The retail prices of petrol and diesel may have risen for the tenth consecutive day on Tuesday, but the Centre has no plan to reduce the excise duties on the two auto fuels as it reckons that it can’t afford to miss the fiscal deficit target for the current financial year. “We already know that there will be a hit on current account. Knowing that we can’t disturb the fiscal deficit, we should rather be fiscally prudent,” a finance ministry official said.
Petrol and diesel prices touched fresh highs on Tuesday — Rs 79.31 and Rs 71.34/litre, respectively, in Delhi — as the rupee dipped to a record low of 71.54 against the US dollar, making imports costlier. Petrol price has risen by Rs 2.17 per litre since August 16 while diesel rates have climbed by Rs 2.62 — the biggest increase in rates witnessed in any fortnight since the launch of daily price revision in mid-June last year.
“Relentless rise in prices of petrol and diesel is not inevitable. Because the price is built up by excessive taxes on petrol and diesel. If taxes are cut, prices will decline significantly,” former finance minister P Chidambaram had said on Twitter earlier in the day.

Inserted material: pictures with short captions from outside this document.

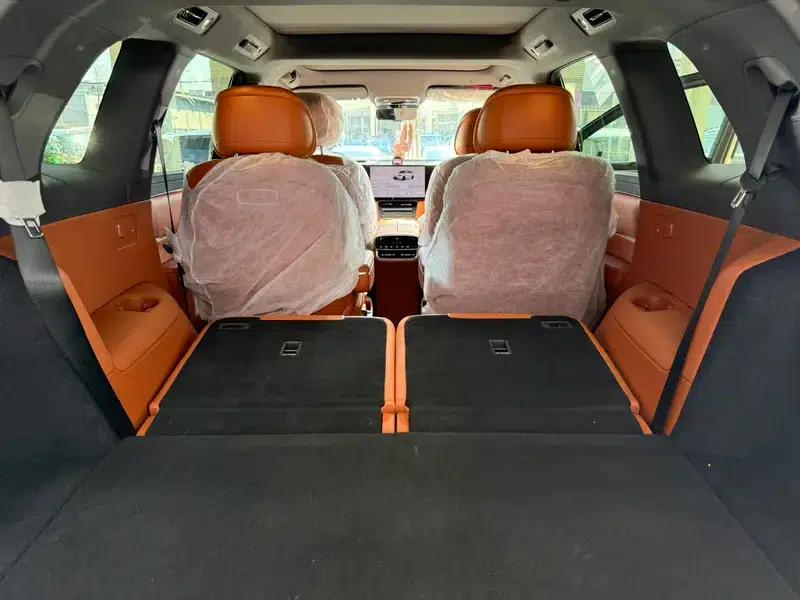 Wenjie M8 2025 Pure Electric Max+ Six-Seat Four-Wheel Drive Version — миниатюра 37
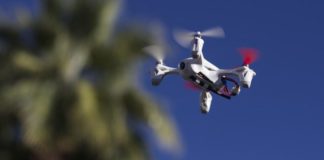 Drones: Η Επιτροπή εγκρίνει κανόνες για την ασφαλή λειτουργία τους
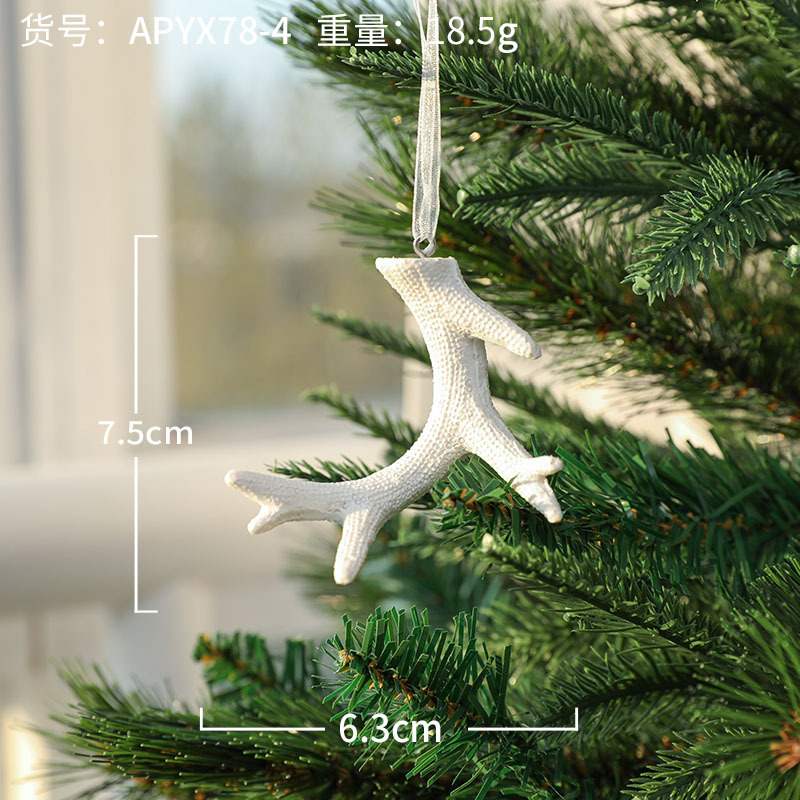 Hong Kong Heng nuevo estilo Elk Cuerno árbol de Navidad decoración colgante decoración diseño de la ventana de resina con el pelo cuerno colgante Decoración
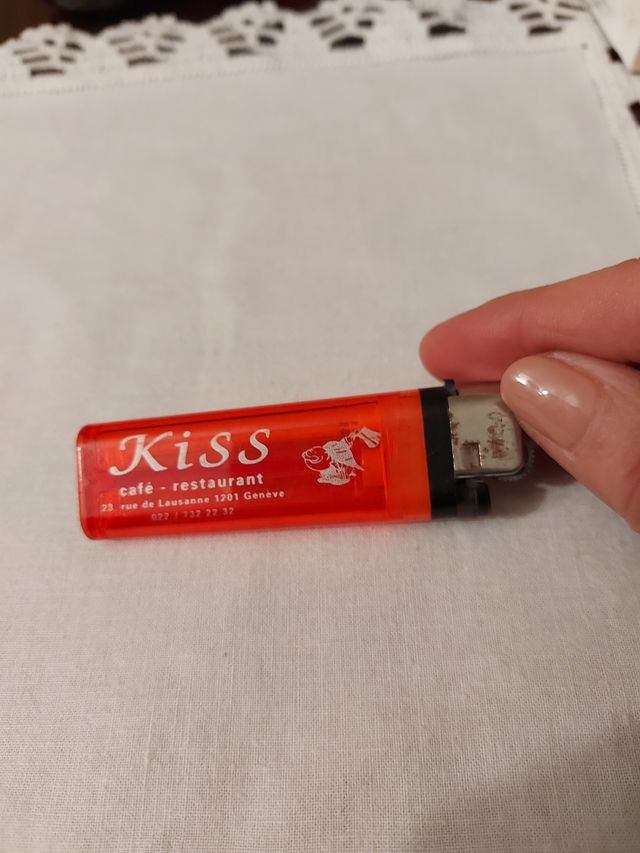 Isqueiro Vintage do Kiss - Café Restaura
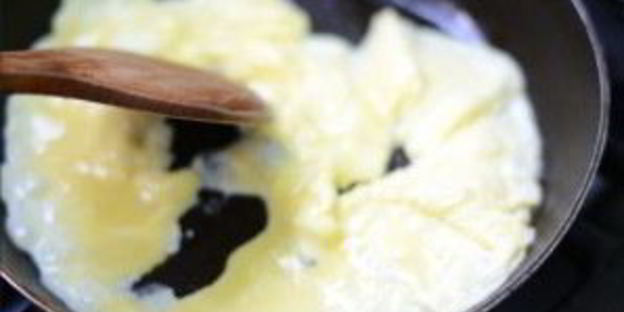 яичница-болтунья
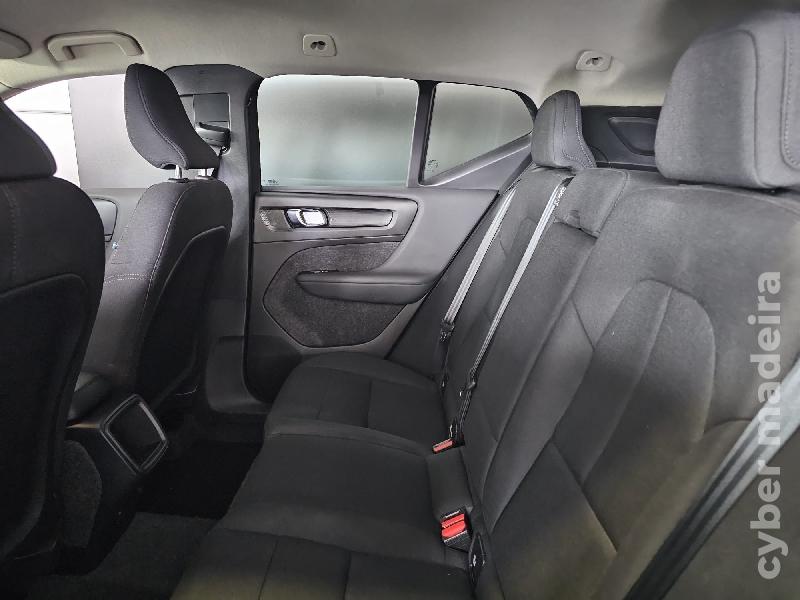 VOLVO XC 40 T2 Gasolina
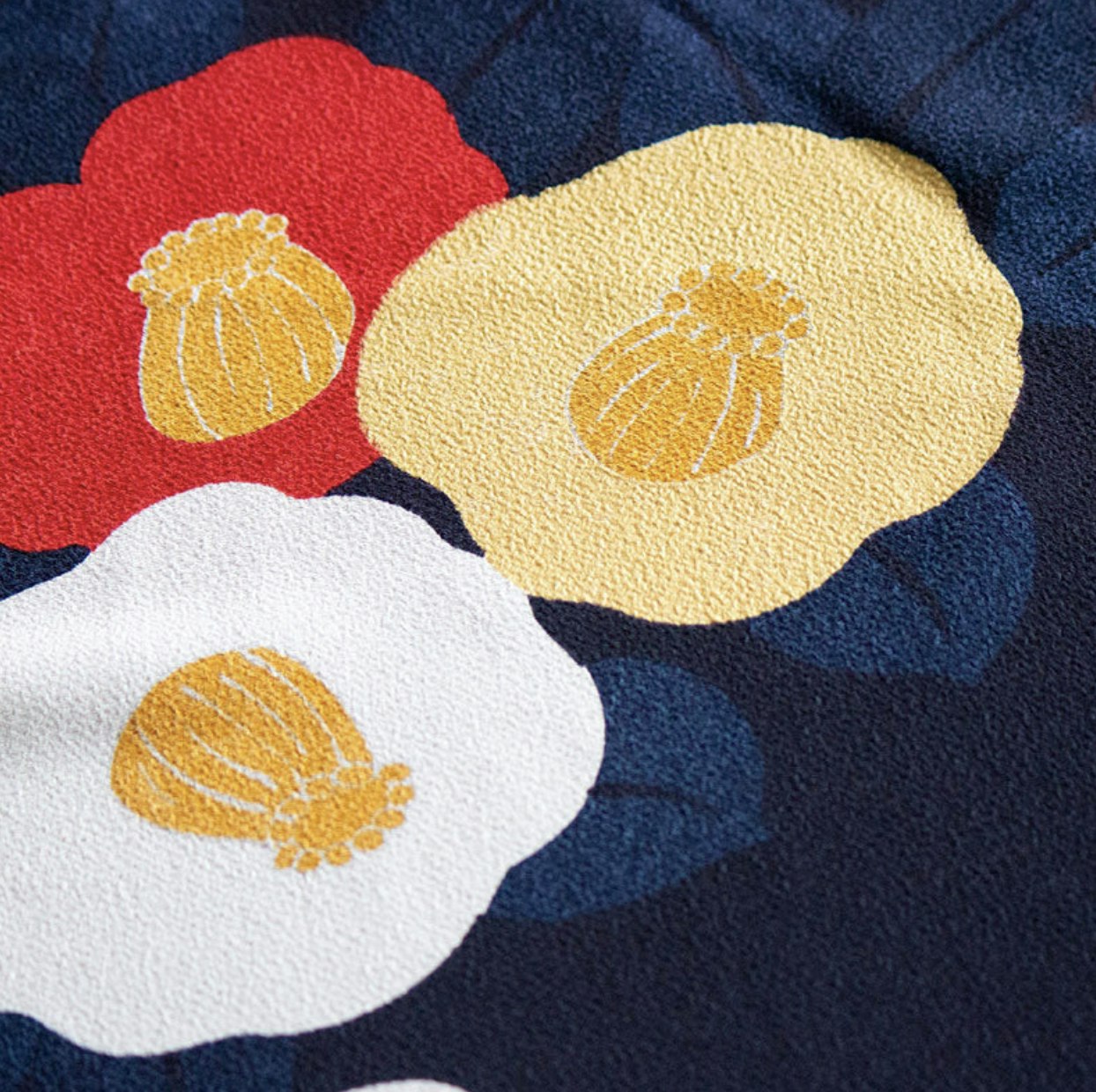 Furoshiki wrapping cloth - Chirimen/Tsubaki Japanese Camellia 70cm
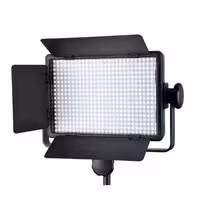 نور ثابت LED (سان پک) مدل LI-600 به همراه سه پایه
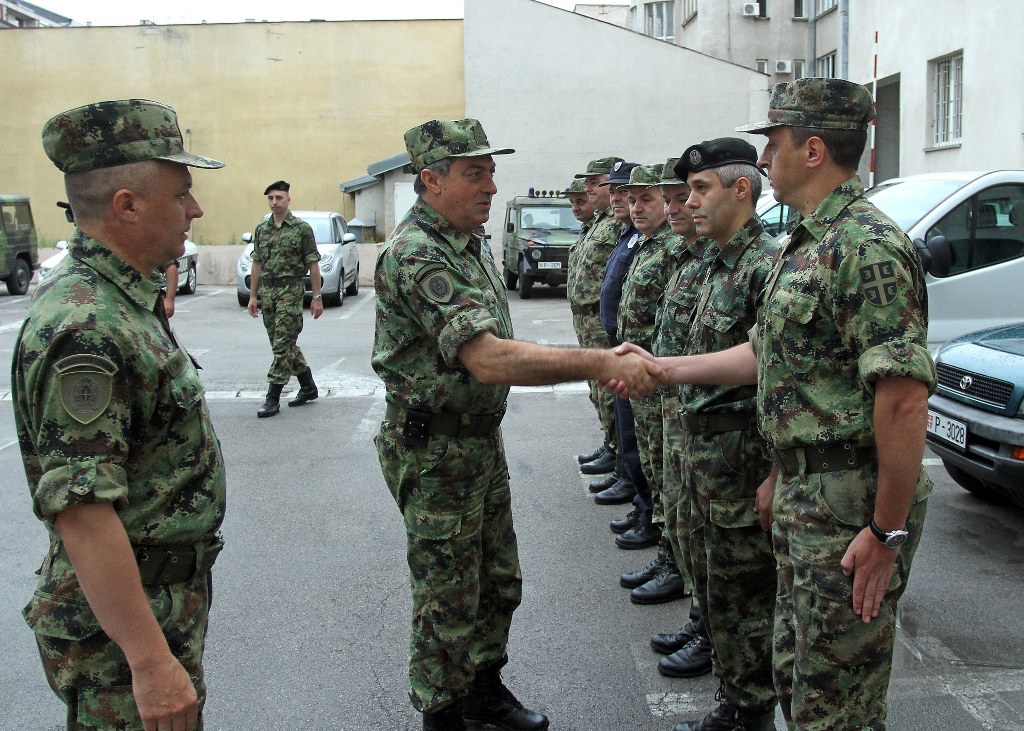 Генерал Диковић обишао заједничке снаге војске и полиције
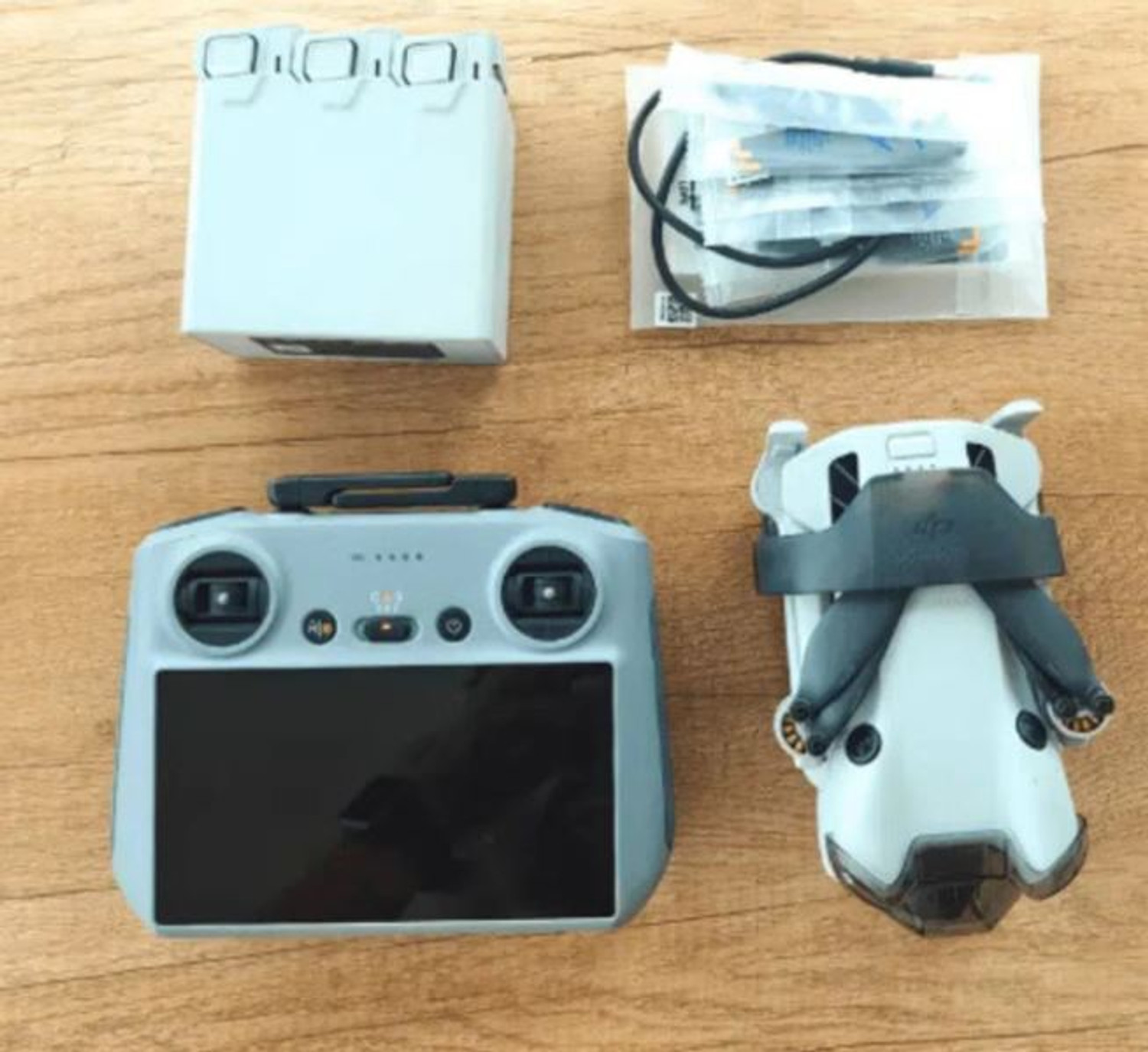 Image of SSRB Nano Glass for DJI Mini 4 Pro Pre-owned Drone With Fly More Kit0 (Pack of 1)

However, the finance ministry official quoted above added that there were are not many avenues for the government to cut expenditure in order to meet the FY19 fiscal deficit target of 3.3% of the gross domestic product.
Putting a lid on spending, he said, could hit various schemes like Ayushman Bharat under which 10 crore families are to be given Rs 5 lakh health insurance cover.
A fiscal slippage would put further pressure on borrowing costs of the Centre as well as states, outweighing the benefits, the official said. The yield on 10-year G-secs has shot up by over 20% in the past one year alone due to rising overall pubic sector borrowings.
Both the Centre and states collect huge amounts as taxes from petroleum items. While the Centre collected `2.84 lakh crore from assorted taxes on the crude oil and petroleum products in FY18, 80% of it came from the excise duties on petrol and diesel alone. Through their taxes (VAT/sales tax/octroi, etc), state governments collected another `2.09 lakh crore from petroleum products in FY18.
Taxes are around 100% of the ‘base price’ of petrol or half its retail price.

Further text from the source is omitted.